* Short text fragments from websites
.....
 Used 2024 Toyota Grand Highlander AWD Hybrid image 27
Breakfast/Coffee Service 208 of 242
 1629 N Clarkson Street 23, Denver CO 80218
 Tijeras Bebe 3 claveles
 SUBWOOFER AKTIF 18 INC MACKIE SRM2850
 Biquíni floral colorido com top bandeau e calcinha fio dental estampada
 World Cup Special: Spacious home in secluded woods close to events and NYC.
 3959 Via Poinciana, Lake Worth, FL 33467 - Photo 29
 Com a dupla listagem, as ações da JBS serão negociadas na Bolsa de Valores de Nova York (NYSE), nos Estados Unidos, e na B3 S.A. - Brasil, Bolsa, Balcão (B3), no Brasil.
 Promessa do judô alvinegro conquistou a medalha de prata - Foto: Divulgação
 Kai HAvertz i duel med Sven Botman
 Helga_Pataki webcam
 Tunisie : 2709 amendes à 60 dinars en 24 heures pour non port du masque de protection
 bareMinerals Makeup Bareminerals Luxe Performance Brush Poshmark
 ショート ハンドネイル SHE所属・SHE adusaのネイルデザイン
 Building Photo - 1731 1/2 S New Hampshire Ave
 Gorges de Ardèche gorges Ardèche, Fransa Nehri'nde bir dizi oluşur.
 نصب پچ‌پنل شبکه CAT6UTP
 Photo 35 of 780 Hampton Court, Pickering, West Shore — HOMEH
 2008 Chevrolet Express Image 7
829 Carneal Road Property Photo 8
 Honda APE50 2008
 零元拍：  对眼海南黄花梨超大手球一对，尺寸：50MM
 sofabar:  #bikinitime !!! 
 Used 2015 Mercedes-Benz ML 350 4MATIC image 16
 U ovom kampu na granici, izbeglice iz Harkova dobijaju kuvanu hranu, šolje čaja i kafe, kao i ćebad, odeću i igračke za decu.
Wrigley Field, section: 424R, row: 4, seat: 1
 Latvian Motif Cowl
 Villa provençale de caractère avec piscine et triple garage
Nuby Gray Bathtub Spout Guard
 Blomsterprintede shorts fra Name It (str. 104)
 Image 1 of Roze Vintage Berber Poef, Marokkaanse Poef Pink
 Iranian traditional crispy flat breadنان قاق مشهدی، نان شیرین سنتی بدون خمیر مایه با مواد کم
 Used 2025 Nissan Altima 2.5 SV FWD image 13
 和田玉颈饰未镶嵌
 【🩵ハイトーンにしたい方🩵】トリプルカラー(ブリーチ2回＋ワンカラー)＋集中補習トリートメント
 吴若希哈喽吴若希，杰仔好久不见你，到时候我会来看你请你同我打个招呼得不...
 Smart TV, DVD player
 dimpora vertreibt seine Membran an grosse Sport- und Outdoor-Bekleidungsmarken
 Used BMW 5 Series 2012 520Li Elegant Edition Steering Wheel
.....
* Work order
Scan the entries above for the string "Photo" and copy each line that contains it.

* Written response
 3959 Via Poinciana, Lake Worth, FL 33467 - Photo 29
 Building Photo - 1731 1/2 S New Hampshire Ave
 Photo 35 of 780 Hampton Court, Pickering, West Shore — HOMEH
829 Carneal Road Property Photo 8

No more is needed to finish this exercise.